** Given data follows **

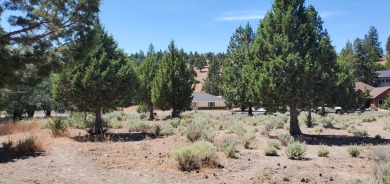 AMZING VIEWS OF MT. SHASTA AND GOLF COURSE - Discover this on Lake Shastina Golf Course in California - for sale on GolfHomes.com, golf home, golf lot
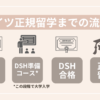 ドイツ正規留学までの流れ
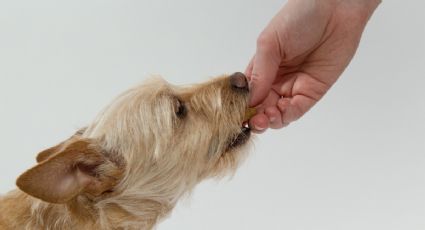 Podrían lastimarlo: estas son las 3 peores marcas de croquetas para perro, según Profeco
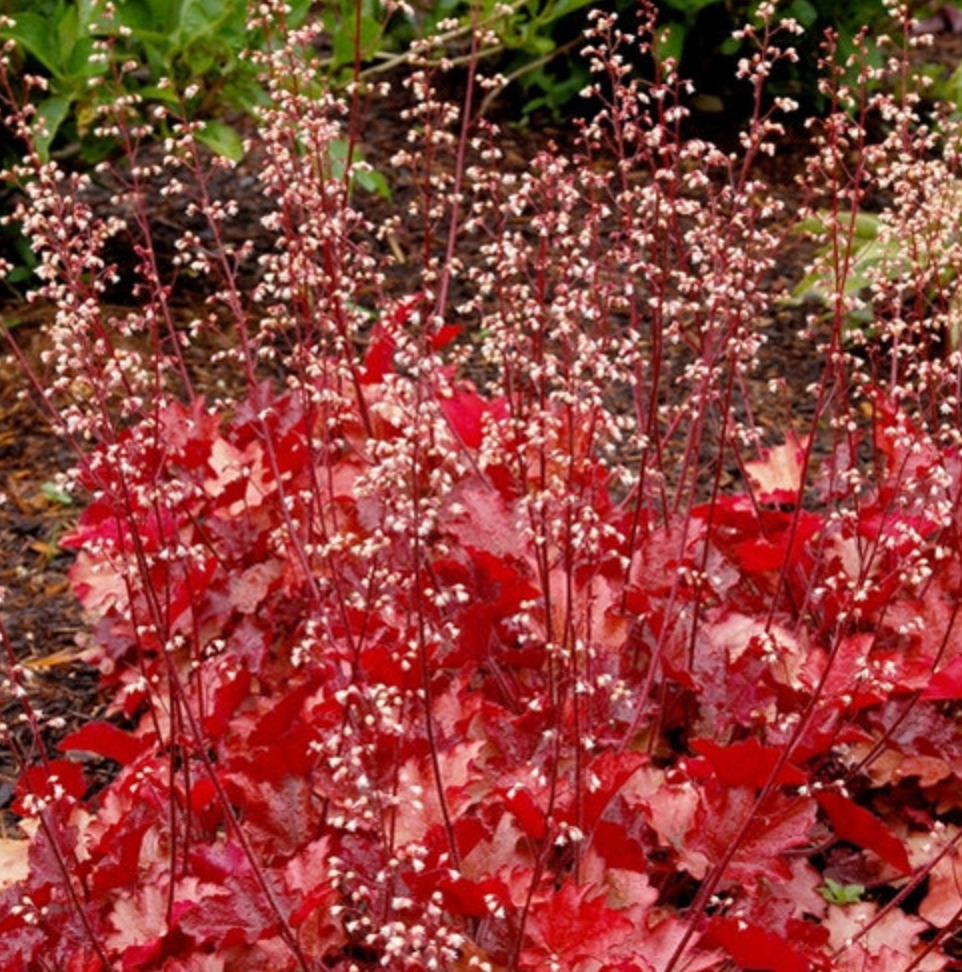 HEUCHERA 'Georgia Peach' (3 Plants)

** End of Given data **

▸ Task instructions
Print the listing again exactly, please. Keep the pictures out of it.

▸ Answer section
 AMZING VIEWS OF MT. SHASTA AND GOLF COURSE - Discover this on Lake Shastina Golf Course in California - for sale on GolfHomes.com, golf home, golf lot
 ドイツ正規留学までの流れ
 Podrían lastimarlo: estas son las 3 peores marcas de croquetas para perro, según Profeco
 HEUCHERA 'Georgia Peach' (3 Plants)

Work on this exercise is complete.